# ANGEL KIDDED!!



## liz (Oct 5, 2007)

Pics soon! Udder still not what it should be, minimal amount of milk, DOELING nursed as I can tell, one side softer than the other. Baby was dry and clean when I saw her 20 minutes ago! ANGEL IS FINE!!! Baby black with frosting


----------



## StaceyRosado (Oct 5, 2007)

CONGRATULATIONS!!!! so glad all went well. A doeling to boot! wahoo :clap: :stars:


----------



## liz (Oct 5, 2007)

Stacey, Angels udder is not any bigger than what it was in the pic on my previous post, Baby has no desire to nurse either. I was able to get some out of her and put a few drops in the kids mouth, she isn't interested. Do you think her udder size has anytrhing to do with the fact that this is day 145 for her? I hope it will increase over the next hours.

BTW...She is 2#4oz...afterbirth has passed and Angel had molasses water and a bit of grain as well as nutri drench,baby too.


----------



## StaceyRosado (Oct 5, 2007)

is there any chance baby nursed already before you got out there?

Mia's udder was small and Destiny's is always small. Let me see if I can find pictures so you can compare.


----------



## liz (Oct 5, 2007)

Thank you, I am scared this little one won't be getting enough.


----------



## StaceyRosado (Oct 5, 2007)

this is Destiny's udder before she kidded: http://i57.photobucket.com/albums/g231/ ... 3rd015.jpg

Mia's udder before she kidded:
http://i57.photobucket.com/albums/g231/ ... 1th003.jpg


----------



## StaceyRosado (Oct 5, 2007)

liz said:


> Thank you, I am scared this little one won't be getting enough.


I was aways afraid of that with Destiny's udder - I never seemed to be able to get anything out of it, but her kids always grow so fast!


----------



## morganslil1 (Nov 13, 2007)

Congratulations


----------



## liz (Oct 5, 2007)

Stacey, both your girls have more than Angel! I'm going out with the camera now, she hardly has enough to fill my hand.


----------



## alyssa_romine (Oct 5, 2007)

Congrats on the new baby..I hope all goes well from now on.


----------



## StaceyRosado (Oct 5, 2007)

liz feel the baby's belly and if it feels full she is getting enough. If she is hunched over and looks in pain she is hungry and not getting enough. I would watch for a few hours and see how things go.


----------



## liz (Oct 5, 2007)

Here is Angels udder now, sorry the one is showing her post baby cha-cha

















This was 2 days ago, I'm not seeing much difference?

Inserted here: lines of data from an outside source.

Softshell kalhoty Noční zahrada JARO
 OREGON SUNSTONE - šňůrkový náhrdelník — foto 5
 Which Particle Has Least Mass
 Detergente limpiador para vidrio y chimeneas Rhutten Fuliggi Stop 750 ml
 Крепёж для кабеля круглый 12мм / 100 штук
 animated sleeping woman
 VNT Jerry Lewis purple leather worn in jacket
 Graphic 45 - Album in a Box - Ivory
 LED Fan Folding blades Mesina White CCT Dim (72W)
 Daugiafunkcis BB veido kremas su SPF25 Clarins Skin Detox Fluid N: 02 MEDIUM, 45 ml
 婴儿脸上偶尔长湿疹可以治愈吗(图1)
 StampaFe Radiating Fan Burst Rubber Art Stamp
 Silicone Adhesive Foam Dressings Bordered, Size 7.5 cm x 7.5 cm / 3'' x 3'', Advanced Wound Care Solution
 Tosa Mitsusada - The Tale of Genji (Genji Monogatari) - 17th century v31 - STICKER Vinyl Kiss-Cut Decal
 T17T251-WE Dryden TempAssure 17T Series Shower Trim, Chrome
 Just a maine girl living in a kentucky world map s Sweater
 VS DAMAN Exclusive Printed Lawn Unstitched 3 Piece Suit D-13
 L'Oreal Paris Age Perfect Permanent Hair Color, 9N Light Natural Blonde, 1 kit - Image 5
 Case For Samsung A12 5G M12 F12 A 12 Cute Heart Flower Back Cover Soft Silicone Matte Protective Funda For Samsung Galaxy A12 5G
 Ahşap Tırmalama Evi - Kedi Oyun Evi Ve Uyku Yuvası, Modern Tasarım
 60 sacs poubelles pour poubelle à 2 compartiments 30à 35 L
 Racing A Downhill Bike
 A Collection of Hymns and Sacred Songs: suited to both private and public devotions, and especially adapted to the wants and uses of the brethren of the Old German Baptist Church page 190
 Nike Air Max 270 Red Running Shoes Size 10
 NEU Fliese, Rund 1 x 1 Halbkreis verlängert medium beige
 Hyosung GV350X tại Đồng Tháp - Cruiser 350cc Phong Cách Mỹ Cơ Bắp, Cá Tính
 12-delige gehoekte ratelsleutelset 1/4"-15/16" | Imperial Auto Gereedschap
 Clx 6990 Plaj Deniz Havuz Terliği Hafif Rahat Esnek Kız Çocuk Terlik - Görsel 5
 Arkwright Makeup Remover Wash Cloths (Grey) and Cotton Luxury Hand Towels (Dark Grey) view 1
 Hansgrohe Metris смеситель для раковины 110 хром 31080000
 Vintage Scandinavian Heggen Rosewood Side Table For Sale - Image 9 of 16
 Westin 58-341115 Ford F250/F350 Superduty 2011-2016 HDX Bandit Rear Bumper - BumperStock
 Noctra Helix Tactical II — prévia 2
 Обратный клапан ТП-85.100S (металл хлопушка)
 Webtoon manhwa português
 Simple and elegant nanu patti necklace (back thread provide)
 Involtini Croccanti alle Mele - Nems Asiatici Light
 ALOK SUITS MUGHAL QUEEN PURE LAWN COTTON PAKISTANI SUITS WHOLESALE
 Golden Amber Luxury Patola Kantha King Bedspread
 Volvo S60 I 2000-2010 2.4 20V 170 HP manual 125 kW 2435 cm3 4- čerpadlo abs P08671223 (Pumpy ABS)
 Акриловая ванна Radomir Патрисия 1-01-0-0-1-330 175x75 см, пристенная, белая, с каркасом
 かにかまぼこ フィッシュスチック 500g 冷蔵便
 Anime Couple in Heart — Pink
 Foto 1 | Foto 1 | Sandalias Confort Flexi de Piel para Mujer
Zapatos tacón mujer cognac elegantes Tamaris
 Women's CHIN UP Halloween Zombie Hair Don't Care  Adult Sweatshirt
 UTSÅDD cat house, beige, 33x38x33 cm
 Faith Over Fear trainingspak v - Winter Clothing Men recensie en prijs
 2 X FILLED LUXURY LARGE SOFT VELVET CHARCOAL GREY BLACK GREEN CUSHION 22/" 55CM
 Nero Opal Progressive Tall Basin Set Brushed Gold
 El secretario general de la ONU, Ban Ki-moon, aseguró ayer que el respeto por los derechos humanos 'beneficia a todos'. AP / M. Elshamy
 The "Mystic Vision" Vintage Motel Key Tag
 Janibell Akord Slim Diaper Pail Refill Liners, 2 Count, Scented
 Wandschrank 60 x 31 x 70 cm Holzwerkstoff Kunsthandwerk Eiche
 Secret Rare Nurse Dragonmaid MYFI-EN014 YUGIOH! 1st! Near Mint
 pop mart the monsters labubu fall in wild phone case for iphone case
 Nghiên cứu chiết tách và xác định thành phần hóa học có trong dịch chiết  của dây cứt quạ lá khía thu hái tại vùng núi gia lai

Angel and daughter...little Gem.


----------



## StaceyRosado (Oct 5, 2007)

I think that is a good enough size to feed her little girl. It will get bigger as Gem demands more milk.

As long as Gem's belly feels full, she plays and sleeps fine then I wouldn't worry about it.

Looks like Gem is nursing now??


----------



## trob1 (Oct 5, 2007)

Wow that is one small udder. She should have colustrum in it though and her milk may not have come in yet. She is young and that may be part of it who knows. The baby nursing should bring it in. Just watch and make sure the baby is pooping and peeing as that shows me more than anything else that they are getting something when nursing.


----------



## liz (Oct 5, 2007)

Yes she has been nursing, you can hear her sucking and slurping so that's good, I did give her an ounce of the colostrum I had frozen just in case, and immediatly after she went to her mom and found a teat so I do hope her milk comes in soon. She does have some there, it seemed enough to satisfy Gem. I am so glad that Angel did well, I feel so bad that I wasn't with her and I had Tilly in the other kidding stall so Angel had her baby with Binky and her twins watching over her, maybe Binky even helped to clean up this baby, I don't know...she is a lively lil' girl. Angel is being very good as a mommy too.


----------



## StaceyRosado (Oct 5, 2007)

well thats great. I am sure all was fine as she kidded. I won't have enough stalls for everyone this year so it will be interesting for me as well with all of them due so close together


----------



## enjoytheride (Oct 5, 2007)

Sounds like things are on track - congratulations


----------



## Muddy Creek Farm (Oct 5, 2007)

Oh Liz!! I am glad everything went well! Adorable baby and mama!


----------



## FarmGirl18 (Oct 5, 2007)

Congrats Liz! That's one cute little baby girl!!


----------



## liz (Oct 5, 2007)

Well, I haven't seen Gem potty yet but she sure is full of energy! So she must be getting something from her mom.


----------



## StaceyRosado (Oct 5, 2007)

thats great to hear. with twins I would have been worried with that size udder, but with a single I am not. Destiny's udder was about that size (maybe a TINY bit bigger) on her second freshioning (first with me) I panicked thinking there wouldn't be enough milk, but Rocky grew quite fine. He was just nursing so much that he never left any extra for me, typical boy :roll:


----------



## liz (Oct 5, 2007)

Thats VERY reassuring Stacey, Thank You, I didn't put the sweater on her because I didn't want Angel to reject her though it is to be pretty cold tonite. Should I put it on or do you think she'll be ok snuggled with mom?


----------



## StaceyRosado (Oct 5, 2007)

try it now while you can watch over her. as long as mom can smell her butt I don't think she will reject her


----------



## goatnutty (Oct 9, 2007)

Has she went potty yet?


----------



## kelebek (Oct 5, 2007)

congrats on Gem - she is very cute!!

My Daisy who is nursing a single has an udder about the same size, and it was that way even when she delivered. I was afraid of the same thing - but the baby will let you know if it is not getting enough. 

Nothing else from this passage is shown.